Комната в домишке была одна, иногда с перегородкой, не доходящей до потолка: топить две печки – непозволительная роскошь. Малышей, как собачек, привязывали длинной веревкой к спинкам кроватей, чтобы не могли, играя, дотянуться до вишнево раскаленной, гудящей в углу печки. Так исстари заведено. Русскоустьинцы всегда посмеиваются: «Все мы на веревке выросли».

Помню большую белую печь – кирпичную, побеленную, единственную «настоящую» печь на весь поселок. Как было уютно, вбежав с адского мороза, прижаться к ней щекой, плечом, распластаться руками по теплым ее бокам. Стояла эта печь в ФАПе – фельдшерско-акушерском пункте, куда меня определили на постой. Когда меня привели, фельдшерица, приезжая, сказала, глядя куда-то поверх моей головы, словно читая какой-то ей одной видимый график: «Кате рожать в марте, Дусе в июне. Все равно будем еще все мыть с хлоркой. Помещу-ка я тебя пока в родилку».

В довольно большой и по случаю отсутствия рожениц едва натопленной комнате находилась, кроме того, чему положено находиться в родилке, обычная кровать – для матери, и маленькая – для новорожденного. Детская была явно не фабричного производства, сквозь грубую коричневую покраску угадывалось, что сработана она топором,

Помню первую ночь – бессонную – в этой комнате. Когда замолк в 12 часов ночи движок, черная, вязкая, как деготь, тьма затопила все вокруг. Весь внешний мир – зримый – исчез, от него остались только звуки. Выл ветер. Где-то далеко изредка взлаивали собаки. За стеной что-то шуршало, словно наждаком водили, я не сразу догадалась, что это ветер пошвыривал о стену сухой жесткой поземкой. В прихожей, отмеряя минуты, срывались с рукомойника и падали в таз тяжелые, будто ртутные, капли. Не верилось, что в нескольких шагах от ФАПа этот дикий, свободно несущийся над пустынной тундрой ветер, перебирает над маленькой почтой обросшие снежным мхом струны антенн и треплет на дверях клуба афишку, обещающую фильм «Тени над Нотр-Дам».

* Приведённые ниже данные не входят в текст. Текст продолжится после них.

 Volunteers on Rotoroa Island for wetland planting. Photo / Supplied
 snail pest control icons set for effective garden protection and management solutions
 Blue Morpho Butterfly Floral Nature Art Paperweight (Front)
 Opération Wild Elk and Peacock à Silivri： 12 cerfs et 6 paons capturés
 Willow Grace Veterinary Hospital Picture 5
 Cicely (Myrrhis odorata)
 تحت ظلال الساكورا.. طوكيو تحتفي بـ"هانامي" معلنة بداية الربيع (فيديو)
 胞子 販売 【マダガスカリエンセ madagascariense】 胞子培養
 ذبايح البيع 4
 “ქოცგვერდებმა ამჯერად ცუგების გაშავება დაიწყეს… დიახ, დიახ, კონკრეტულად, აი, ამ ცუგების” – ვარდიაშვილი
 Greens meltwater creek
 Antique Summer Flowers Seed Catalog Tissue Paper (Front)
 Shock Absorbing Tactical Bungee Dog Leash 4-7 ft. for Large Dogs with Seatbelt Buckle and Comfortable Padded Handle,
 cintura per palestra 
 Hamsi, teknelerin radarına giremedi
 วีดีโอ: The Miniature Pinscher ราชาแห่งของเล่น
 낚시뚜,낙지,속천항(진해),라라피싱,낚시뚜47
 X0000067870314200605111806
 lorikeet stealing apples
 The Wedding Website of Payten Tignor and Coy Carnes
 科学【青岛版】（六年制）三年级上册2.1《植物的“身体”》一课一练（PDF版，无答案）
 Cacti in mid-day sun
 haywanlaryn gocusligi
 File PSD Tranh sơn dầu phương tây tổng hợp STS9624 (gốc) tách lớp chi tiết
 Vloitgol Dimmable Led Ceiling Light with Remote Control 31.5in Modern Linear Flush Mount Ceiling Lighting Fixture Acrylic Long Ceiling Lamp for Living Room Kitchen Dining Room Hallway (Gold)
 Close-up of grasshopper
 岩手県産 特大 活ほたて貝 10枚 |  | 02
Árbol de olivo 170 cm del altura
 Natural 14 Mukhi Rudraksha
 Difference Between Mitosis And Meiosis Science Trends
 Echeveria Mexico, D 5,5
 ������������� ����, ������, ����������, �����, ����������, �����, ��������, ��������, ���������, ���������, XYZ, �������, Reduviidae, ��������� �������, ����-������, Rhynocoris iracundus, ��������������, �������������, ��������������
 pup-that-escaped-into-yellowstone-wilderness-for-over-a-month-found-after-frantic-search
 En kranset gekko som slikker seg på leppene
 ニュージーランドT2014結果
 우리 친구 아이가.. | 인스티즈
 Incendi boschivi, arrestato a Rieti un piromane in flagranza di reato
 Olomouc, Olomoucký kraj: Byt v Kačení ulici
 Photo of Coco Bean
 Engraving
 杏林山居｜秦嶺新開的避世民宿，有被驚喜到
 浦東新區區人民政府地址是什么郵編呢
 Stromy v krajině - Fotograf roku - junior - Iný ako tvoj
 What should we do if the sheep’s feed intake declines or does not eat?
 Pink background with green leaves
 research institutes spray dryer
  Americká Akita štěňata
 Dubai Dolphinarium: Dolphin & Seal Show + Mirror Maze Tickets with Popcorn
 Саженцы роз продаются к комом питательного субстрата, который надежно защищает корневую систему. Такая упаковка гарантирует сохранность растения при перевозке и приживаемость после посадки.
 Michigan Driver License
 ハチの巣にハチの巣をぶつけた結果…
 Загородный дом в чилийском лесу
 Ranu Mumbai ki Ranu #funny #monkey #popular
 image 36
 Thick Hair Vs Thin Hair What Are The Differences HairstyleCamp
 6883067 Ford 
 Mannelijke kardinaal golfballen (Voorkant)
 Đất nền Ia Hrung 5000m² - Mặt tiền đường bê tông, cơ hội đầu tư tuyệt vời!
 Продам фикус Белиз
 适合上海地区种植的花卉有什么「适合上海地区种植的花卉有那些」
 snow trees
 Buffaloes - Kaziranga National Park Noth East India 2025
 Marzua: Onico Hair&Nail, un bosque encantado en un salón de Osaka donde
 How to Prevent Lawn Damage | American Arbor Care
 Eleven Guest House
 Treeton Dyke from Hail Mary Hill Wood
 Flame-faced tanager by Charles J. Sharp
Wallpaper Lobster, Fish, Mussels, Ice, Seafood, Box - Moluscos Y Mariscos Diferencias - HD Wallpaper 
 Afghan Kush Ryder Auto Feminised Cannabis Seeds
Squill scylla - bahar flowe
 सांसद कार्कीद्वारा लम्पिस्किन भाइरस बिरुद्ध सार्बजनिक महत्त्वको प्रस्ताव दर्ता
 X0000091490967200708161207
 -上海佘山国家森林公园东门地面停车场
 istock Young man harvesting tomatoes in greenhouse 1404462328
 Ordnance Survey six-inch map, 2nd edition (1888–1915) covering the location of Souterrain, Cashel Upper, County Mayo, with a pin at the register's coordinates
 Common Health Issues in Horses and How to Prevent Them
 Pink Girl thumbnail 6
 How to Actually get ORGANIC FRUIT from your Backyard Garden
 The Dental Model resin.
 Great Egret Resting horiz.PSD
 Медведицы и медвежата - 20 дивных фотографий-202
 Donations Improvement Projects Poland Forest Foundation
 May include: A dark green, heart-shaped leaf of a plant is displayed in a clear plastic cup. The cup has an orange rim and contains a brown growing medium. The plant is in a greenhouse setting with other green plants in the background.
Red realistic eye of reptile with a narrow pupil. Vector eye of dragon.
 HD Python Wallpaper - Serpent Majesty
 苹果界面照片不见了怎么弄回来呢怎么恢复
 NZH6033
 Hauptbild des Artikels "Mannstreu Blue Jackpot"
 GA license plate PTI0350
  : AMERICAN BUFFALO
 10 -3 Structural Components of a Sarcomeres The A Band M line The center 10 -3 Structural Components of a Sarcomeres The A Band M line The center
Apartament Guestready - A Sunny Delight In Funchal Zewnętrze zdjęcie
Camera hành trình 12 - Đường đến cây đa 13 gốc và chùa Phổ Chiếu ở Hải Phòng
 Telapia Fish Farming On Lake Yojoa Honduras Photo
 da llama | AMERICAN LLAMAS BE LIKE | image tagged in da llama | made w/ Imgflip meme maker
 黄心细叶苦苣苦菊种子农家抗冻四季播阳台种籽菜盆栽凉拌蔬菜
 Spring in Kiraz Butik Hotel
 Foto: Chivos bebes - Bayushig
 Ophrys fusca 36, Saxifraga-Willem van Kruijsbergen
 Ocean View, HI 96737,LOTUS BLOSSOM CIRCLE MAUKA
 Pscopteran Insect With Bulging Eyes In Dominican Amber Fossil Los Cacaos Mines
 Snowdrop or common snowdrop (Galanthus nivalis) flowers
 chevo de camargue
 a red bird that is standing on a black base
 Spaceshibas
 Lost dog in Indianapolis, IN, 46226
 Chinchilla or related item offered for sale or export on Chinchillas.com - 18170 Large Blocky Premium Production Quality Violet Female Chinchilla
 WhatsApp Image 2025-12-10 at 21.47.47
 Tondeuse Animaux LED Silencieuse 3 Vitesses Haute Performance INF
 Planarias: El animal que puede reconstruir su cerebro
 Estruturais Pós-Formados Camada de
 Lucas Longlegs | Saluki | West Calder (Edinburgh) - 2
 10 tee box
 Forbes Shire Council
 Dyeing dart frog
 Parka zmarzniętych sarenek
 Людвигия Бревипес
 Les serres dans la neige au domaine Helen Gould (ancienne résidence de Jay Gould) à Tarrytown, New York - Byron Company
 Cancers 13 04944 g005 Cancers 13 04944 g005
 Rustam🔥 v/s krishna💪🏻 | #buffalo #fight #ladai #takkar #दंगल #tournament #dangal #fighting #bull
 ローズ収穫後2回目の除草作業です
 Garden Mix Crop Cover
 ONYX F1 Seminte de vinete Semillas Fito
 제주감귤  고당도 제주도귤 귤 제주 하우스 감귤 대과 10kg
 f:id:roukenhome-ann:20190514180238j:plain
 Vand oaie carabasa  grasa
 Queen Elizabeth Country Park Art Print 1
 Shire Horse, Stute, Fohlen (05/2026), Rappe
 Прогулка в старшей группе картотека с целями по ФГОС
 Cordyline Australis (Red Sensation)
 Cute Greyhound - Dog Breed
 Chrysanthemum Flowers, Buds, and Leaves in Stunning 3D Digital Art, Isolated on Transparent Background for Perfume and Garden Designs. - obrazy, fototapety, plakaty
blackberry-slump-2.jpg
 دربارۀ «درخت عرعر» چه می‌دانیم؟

Две недели назад в этой комнате умерла родами женщина. Рожала она четвертого ребенка, ничто не внушало никаких опасений. А роды вдруг случились очень тяжелыми. Была ужасающая пурга, и вертолет, вызванный из Чокурдаха, никак не мог вылететь. А когда он все-таки прорвался, было уж поздно.

Фельдшерица проговорилась, а потом все повторяла, заглядывая мне в лицо: «0х, зря я сказала, бояться теперь будешь».

Нет, это был не тот страх, который имела в виду фельдшерица. Лежа без сна в кромешной тьме, я испытала в ту ночь такое чувство отъединенности от привычного мира, такое одиночество, будто я, как в каком-то фантастическом фильме, выпала из своего времени.

Пробыла я тогда в поселке недолго, не больше недели. Начала портиться погода. Стал крепчать ветер, заструилась, переливаясь через заструги, скручиваясь в тугие жгуты, поземка. Небо еще голубело где-то там, в вышине, но горизонт начало заволакивать белой мглой – поземка завивалась все круче, выше. Затихли, залегли собаки, свернувшись клубком, пряча носы под теплый хвост.

За мной прибежали с почты – звонили из Чохурдаха, велели собираться, из Чокурдаха вышел рейс Индигирторга, может быть, последний на много дней: получено пурговое предупреждение.

Шли годы. Давно уже я вернулась из Якутии в Москву. Писала, ездила по стране, встречалась с самыми разными людьми. Полярный ничем не напоминал о себе. Никогда нигде, ни в одной газете – ни строчки. Ни одного человека, побывавшего в тех краях. Он, словно и вправду погрузился в тундровые снега. Иногда думалось – а был ли он на самом деле? Или пригрезилось? Но порой вдруг где-нибудь на гребне могучей плотины или посреди гигантского цеха – только прикроешь глаза – возникали, как видение, легкие нарты, пробирающиеся где-то там, самым краешком земли в белой снежной круговерти, собаки, налегающие на постромки, человек в заиндевелой кухлянке.